▶ _Your instructions_:
What is the number of lines in the material below that include the word "Design"? Write that number and nothing more.

○ ○ ○ ○ ○ ○ ○

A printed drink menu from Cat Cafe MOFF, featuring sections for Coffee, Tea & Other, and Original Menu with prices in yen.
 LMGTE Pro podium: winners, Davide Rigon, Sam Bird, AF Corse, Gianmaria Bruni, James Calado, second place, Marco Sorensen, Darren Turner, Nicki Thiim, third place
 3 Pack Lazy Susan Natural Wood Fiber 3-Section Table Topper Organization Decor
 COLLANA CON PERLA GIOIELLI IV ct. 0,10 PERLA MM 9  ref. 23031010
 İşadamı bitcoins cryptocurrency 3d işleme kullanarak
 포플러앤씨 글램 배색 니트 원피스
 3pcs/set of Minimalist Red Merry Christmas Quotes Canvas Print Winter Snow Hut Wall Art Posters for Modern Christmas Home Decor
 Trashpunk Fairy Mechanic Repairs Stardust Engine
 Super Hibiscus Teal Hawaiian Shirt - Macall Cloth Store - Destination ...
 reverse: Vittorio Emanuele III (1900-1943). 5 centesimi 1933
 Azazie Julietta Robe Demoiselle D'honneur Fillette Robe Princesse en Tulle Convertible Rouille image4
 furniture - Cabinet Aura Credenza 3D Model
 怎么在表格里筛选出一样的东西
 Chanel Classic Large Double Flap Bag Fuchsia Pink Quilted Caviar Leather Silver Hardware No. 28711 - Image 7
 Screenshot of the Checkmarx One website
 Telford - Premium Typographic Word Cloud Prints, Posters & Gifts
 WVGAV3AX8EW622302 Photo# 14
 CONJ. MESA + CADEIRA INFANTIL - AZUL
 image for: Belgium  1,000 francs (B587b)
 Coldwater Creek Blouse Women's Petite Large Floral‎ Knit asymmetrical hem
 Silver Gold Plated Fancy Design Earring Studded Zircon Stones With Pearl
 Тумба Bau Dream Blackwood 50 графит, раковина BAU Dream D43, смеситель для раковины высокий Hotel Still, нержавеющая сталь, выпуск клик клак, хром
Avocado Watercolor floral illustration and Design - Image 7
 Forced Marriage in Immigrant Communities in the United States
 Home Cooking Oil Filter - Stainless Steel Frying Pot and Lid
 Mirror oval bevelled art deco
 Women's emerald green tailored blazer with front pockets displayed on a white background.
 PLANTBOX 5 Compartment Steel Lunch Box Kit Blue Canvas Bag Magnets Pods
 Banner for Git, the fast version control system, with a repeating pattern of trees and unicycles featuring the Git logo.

○ ○ ○ ○ ○ ○ ○

▶ _Result for this task_:
2